_Exercise materials_:
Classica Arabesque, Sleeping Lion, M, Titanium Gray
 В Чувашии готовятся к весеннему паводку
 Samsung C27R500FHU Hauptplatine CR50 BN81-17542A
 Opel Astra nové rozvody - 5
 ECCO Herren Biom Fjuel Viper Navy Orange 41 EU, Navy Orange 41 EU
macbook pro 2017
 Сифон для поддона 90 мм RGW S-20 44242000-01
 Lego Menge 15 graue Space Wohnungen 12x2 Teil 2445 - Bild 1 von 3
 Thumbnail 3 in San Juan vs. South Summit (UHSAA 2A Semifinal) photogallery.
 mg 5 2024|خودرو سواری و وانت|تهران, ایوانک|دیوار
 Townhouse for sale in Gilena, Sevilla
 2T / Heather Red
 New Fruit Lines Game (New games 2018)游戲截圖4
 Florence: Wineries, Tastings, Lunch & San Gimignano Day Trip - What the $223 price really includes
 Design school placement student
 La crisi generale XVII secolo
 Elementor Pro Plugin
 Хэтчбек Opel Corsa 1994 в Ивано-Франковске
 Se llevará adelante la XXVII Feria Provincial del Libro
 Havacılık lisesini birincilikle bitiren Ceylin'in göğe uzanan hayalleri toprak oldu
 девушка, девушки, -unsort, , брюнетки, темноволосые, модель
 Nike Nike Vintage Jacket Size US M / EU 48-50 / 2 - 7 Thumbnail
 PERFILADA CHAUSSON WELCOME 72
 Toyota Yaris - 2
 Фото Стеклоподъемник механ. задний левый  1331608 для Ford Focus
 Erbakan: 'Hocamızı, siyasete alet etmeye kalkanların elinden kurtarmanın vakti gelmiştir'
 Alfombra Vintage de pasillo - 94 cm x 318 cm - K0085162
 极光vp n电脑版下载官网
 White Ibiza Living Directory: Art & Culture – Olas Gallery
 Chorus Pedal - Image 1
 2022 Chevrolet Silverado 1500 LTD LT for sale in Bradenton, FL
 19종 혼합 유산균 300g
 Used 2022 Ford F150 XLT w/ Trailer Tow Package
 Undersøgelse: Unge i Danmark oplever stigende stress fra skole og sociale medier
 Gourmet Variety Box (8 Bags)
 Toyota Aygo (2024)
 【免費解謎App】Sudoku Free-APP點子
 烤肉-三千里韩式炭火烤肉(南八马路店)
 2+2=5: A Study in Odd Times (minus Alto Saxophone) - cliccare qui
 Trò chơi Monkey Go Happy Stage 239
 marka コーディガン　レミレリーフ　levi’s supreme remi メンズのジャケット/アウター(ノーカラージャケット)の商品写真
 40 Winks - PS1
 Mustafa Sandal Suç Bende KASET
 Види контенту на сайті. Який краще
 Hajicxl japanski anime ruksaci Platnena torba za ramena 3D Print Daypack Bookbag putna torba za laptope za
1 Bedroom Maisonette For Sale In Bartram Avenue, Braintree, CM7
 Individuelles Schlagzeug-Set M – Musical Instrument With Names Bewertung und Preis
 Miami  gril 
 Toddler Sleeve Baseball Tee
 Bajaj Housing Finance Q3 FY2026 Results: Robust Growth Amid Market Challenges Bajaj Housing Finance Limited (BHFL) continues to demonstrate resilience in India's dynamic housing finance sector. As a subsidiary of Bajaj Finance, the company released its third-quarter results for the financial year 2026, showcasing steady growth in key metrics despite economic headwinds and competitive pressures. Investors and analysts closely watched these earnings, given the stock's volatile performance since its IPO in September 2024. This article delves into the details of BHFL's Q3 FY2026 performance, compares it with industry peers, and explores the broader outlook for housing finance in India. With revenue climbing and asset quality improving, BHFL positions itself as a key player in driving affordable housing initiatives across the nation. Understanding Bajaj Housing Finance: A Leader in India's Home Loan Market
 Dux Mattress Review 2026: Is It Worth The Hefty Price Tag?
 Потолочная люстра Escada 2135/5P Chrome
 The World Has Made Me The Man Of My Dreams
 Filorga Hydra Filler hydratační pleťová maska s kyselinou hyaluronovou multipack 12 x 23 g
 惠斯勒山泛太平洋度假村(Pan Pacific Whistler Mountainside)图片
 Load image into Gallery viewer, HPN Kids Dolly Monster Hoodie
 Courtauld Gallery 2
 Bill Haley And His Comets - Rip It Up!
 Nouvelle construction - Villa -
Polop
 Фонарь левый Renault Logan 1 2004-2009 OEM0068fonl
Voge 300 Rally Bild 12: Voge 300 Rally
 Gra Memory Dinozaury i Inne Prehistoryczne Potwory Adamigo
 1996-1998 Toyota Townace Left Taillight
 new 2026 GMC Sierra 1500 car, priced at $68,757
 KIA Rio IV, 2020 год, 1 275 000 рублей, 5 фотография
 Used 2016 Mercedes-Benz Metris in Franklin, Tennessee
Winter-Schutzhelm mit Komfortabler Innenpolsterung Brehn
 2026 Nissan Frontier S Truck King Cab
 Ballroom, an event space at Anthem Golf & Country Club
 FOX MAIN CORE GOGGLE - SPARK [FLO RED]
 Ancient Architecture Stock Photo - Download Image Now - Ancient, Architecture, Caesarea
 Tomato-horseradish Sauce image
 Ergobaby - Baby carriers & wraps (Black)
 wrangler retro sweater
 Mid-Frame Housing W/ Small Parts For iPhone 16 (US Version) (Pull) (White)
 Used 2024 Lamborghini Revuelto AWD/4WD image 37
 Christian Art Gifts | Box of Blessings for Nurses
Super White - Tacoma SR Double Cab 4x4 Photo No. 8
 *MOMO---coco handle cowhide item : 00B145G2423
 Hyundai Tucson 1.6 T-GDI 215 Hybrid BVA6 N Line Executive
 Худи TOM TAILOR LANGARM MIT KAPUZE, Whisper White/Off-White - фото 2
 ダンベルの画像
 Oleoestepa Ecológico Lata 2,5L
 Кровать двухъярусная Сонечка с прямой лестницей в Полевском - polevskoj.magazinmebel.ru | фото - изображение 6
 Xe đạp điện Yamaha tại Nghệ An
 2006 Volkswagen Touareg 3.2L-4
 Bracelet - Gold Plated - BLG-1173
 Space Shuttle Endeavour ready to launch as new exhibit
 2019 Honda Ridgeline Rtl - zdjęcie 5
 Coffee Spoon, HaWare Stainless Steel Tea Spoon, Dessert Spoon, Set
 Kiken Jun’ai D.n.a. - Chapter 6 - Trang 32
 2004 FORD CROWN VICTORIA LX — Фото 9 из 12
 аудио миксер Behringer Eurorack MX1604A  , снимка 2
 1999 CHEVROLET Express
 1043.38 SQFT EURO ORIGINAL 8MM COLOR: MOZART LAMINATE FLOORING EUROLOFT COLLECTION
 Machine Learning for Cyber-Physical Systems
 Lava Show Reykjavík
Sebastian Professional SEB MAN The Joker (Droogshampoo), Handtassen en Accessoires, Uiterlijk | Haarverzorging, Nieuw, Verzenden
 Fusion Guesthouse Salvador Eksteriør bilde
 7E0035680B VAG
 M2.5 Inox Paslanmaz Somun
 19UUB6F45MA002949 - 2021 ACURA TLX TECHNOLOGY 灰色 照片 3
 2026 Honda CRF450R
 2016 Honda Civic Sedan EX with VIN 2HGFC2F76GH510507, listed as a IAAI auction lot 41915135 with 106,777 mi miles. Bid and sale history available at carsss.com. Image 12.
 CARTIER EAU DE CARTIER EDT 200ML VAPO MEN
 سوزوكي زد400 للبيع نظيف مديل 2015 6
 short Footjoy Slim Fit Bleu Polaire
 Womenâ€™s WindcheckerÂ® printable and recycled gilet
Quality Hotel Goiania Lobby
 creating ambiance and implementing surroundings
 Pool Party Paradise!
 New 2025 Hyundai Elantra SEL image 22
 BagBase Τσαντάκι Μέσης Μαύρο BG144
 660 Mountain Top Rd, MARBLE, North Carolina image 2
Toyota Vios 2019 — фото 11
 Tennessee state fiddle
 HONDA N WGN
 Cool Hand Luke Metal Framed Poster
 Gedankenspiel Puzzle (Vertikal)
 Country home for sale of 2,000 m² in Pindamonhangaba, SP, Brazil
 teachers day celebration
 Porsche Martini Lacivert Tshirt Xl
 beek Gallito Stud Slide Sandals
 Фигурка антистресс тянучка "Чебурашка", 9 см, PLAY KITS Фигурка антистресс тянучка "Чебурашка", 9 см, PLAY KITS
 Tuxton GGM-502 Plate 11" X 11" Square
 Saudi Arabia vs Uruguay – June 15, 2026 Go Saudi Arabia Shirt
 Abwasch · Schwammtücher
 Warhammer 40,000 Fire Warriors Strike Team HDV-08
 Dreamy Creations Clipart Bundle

_Description of the task_:
The reply is a bare number: how many lines above include "Tennessee".

_Task response_:
2